● Recorded data:
================================

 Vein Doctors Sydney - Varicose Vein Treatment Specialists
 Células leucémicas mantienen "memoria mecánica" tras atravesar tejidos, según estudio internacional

================================

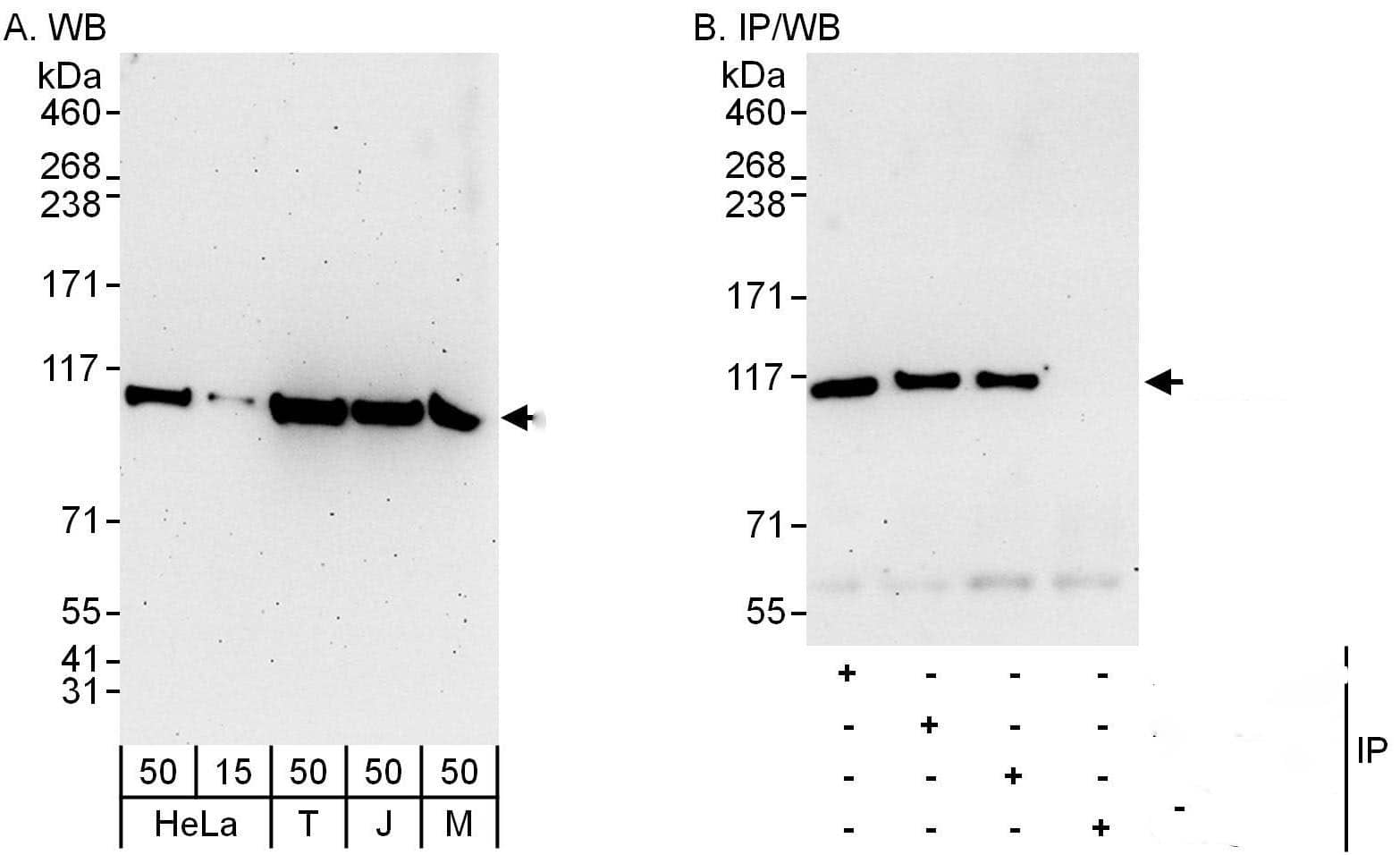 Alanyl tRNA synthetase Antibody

================================

● Task brief:
In the listing above, find the line with "Vein Doctors Sydney" and the line with "Células leucémicas mantienen", then print exactly those two lines and every line between them, and nothing more.

● Task output:
 Vein Doctors Sydney - Varicose Vein Treatment Specialists
 Células leucémicas mantienen "memoria mecánica" tras atravesar tejidos, según estudio internacional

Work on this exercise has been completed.